Jennifer Hemmerich
Title of the Doctoral Thesis: Deep learning for toxicity prediction.
Publishing year: 2020
Tags: machine learning / toxicology / in silico toxicology / deep learning / neural networks / computational toxicology
Abstract
For many years, machine learning has been an integral part of in silico toxicology. Despite a plethora of research efforts, only a very limited number of models are available to predict complex apical toxicity endpoints such as organ toxicities. The Merck Kaggle Competition and the Tox21 challenge highlighted the suitability of deep learning for bioactivity and toxicity predictions. Thus, deep learning could give rise to novel possibilities in in silico toxicology. However, toxicological datasets are often small and imbalanced. While small datasets might not contain enough data for deep learning to be superior to traditional machine learning, imbalanced datasets can lead to models ignoring the minority classes. Thus, to utilize deep learning in in silico toxicology, it is essential to gather novel datasets and to address imbalances in them.

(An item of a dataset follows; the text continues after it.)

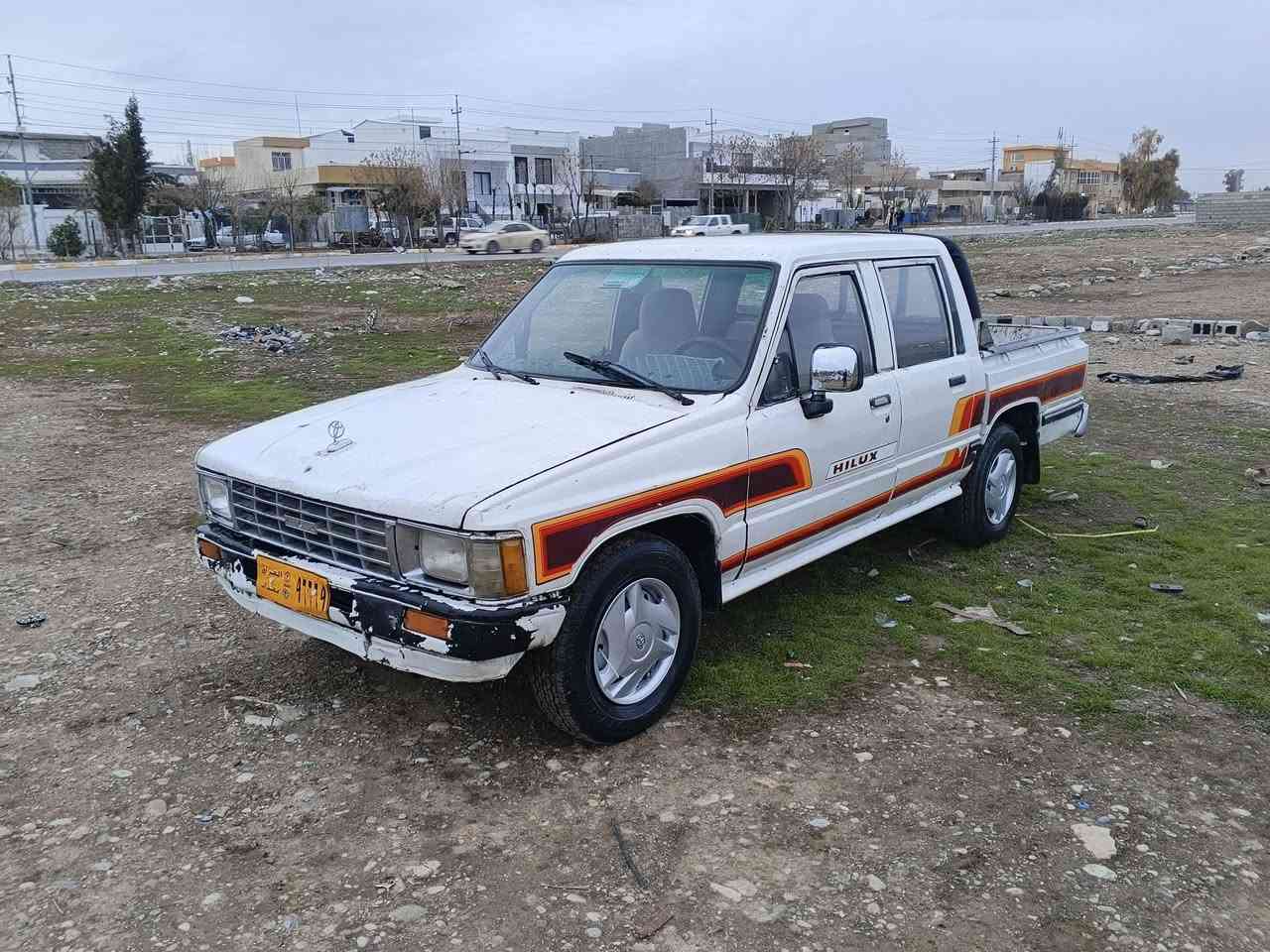 تويتا ياباني اسلي موديل 1988 مه كينه چوارواي پينج گير كراوه به ماگنيت سوكان پاوه ر    ئارمي پلاستيك سليماني به شه رتي ئارموو ئه وه ليات خه رامه براوه بي ده عم بي لي دراو بي خايسات حيزام بوياخه سه قفو شان بوياخ نيه چوار تايه تازه ي له ژيره پاتري تازه كاره باي گه رمي ه‍ه موي مه زبوته مه كينه و گير ئه كسل شانسي به شه رت.سعر .. 26.  گه لا و كه مي مه جال.                         ***********.                   ***********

This thesis aims to, firstly, gain insights into datasets by rigorous data analysis, and secondly, to introduce conformational oversampling (COVER) as a new method to balance datasets by using 3D conformations.
To generate novel datasets, we introduce a chemical structure standardisation workflow which facilitates merging of datasets from different sources and enables the user to detect duplicates via the generated InChIKey. In our first study this workflow was used to support an experimental study which investigated drug uptake by SLC transporters. By comparing the screening compound library with the drug chemical space represented by DrugBank, we showed that the tested compounds are representative of this space and do not show any bias towards specific physicochemical properties. Thus, SLC related drug uptake was independent from physicochemical properties and is therefore most likely the rule and not the exception. In our second study we compiled a dataset for mitochondrial toxicity using our workflow. Through data analysis we identified important physicochemical properties for mitochondrial toxicity. Subsequently we trained different types of machine learning and deep learning models using our novel dataset. Using known and novel structural alerts we gained insights into possible mechanisms of toxicity for positively predicted molecules.
The last two studies shift the focus from gathering novel datasets towards training of neural networks with imbalanced data. In the first study we introduced conformational oversampling (COVER), which uses 3D conformations to balance a dataset. We demonstrated that the 3D information of molecules is sufficient to balance datasets by oversampling. Applying COVER to the Tox21 dataset greatly increased the model predictivity and was comparable to oversampling with SMOTE. In our last study, we explored the application of COVER from 3D descriptor-based learning to image-based learning. Both studies showed that COVER can be applied successfully to different training inputs for neural networks.
Conclusively, this thesis highlights the importance of data analysis, by, firstly, supporting an experimental study and, secondly, increasing the insight into machine learning predictions. In addition, we could show that COVER is a viable method to oversample datasets utilizing 3D descriptors and images.
Jennifer was supported by the PhD program "MolTag".